• **WORK ITEM**: Among the lines below, the one containing "Personalized Shell Wood Lamp" opens the range and the one containing "texas lonestar state silver star round frame" closes it. Print that range exactly, without the pictures.
Top of DATA TO PROCESS
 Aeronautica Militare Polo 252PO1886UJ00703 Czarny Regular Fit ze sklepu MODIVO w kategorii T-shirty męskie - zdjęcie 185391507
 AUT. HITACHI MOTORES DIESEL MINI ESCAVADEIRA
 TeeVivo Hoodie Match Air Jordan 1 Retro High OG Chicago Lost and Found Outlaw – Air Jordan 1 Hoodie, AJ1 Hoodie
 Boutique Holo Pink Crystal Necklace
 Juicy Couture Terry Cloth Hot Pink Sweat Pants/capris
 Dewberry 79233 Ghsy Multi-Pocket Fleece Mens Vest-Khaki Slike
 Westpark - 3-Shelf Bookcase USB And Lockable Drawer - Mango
Bottom of DATA TO PROCESS
Top of DATA TO PROCESS
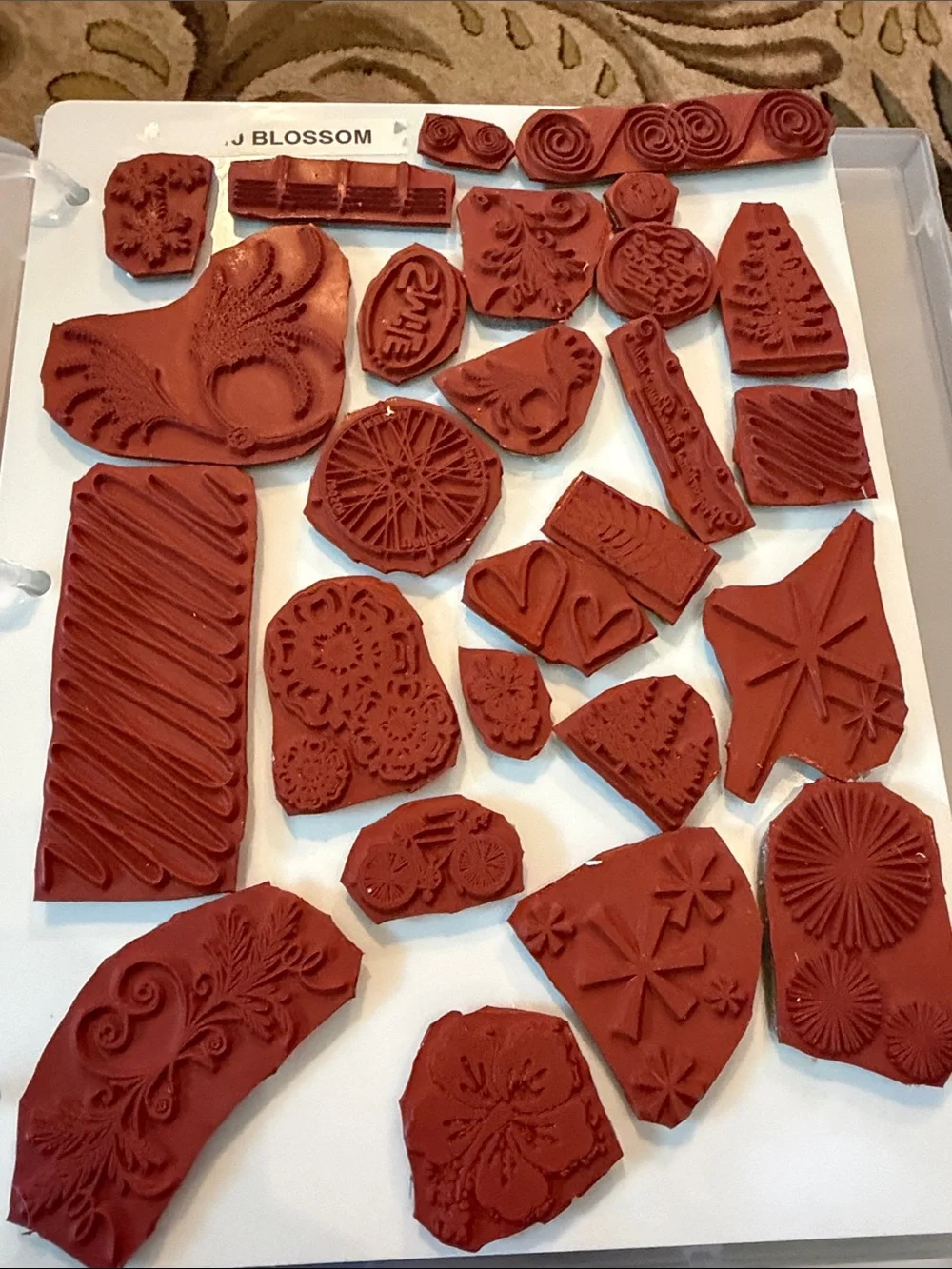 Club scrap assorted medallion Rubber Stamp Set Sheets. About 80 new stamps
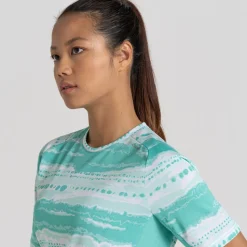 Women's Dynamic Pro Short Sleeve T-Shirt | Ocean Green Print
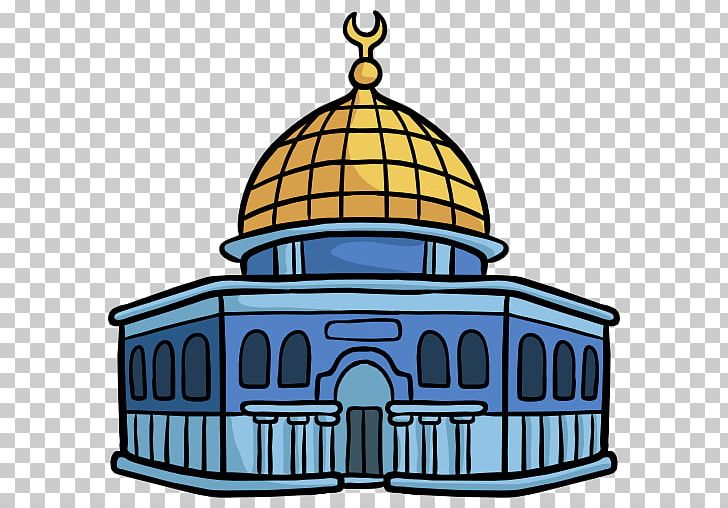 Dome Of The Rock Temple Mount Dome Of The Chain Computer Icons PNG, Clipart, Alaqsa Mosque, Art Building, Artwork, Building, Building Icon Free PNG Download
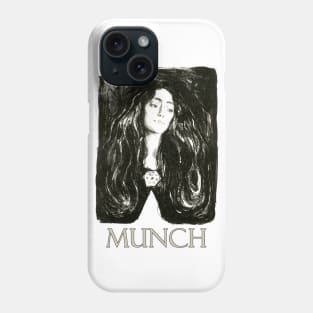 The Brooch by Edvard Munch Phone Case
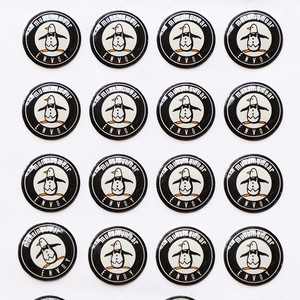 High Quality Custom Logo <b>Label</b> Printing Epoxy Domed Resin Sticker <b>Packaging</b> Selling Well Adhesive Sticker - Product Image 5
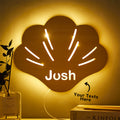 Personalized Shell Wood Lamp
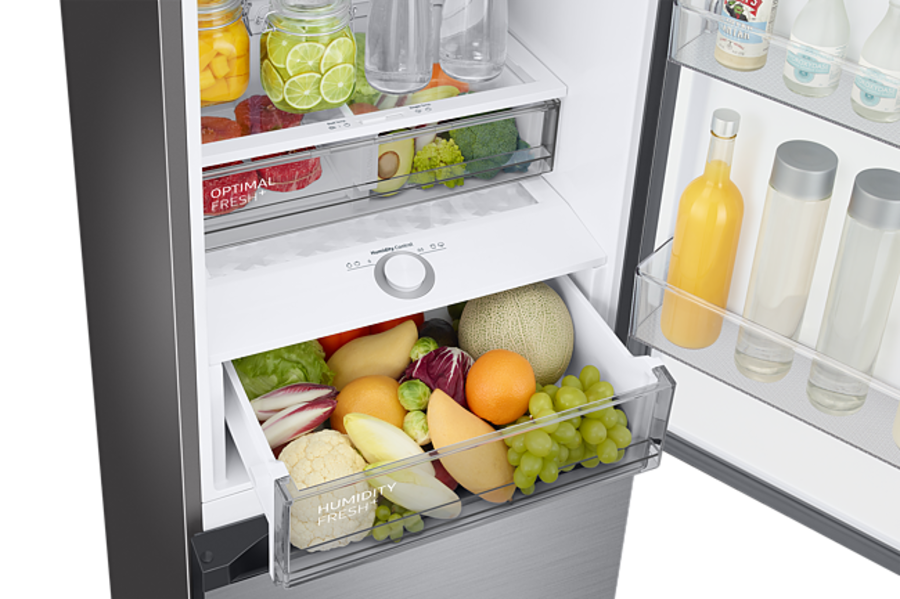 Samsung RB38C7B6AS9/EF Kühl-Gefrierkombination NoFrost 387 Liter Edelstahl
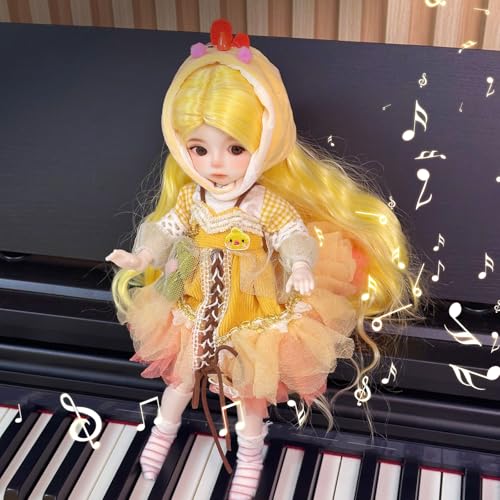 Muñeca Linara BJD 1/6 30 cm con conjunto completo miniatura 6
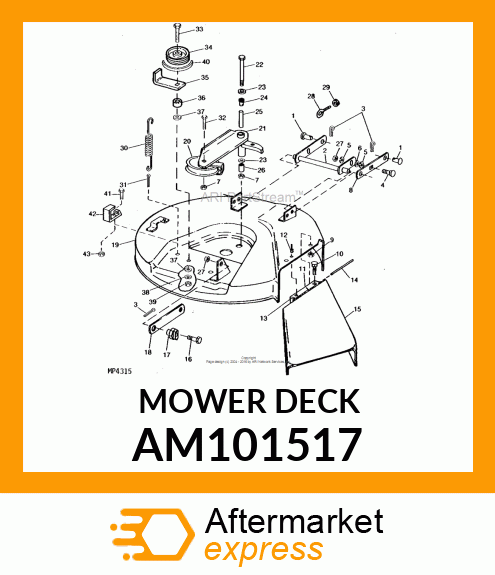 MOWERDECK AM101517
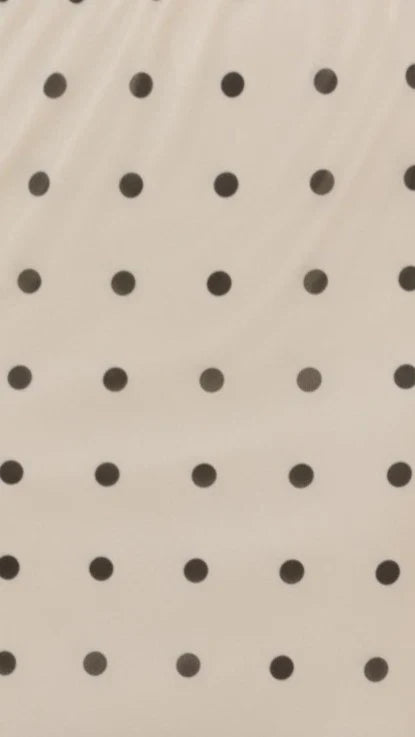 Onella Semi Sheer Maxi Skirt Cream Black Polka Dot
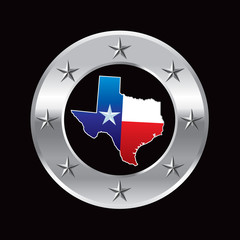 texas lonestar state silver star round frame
Bottom of DATA TO PROCESS
• **YOUR RESPONSE**:
 Personalized Shell Wood Lamp
 Samsung RB38C7B6AS9/EF Kühl-Gefrierkombination NoFrost 387 Liter Edelstahl
 Muñeca Linara BJD 1/6 30 cm con conjunto completo miniatura 6
 MOWERDECK AM101517
 Onella Semi Sheer Maxi Skirt Cream Black Polka Dot
 texas lonestar state silver star round frame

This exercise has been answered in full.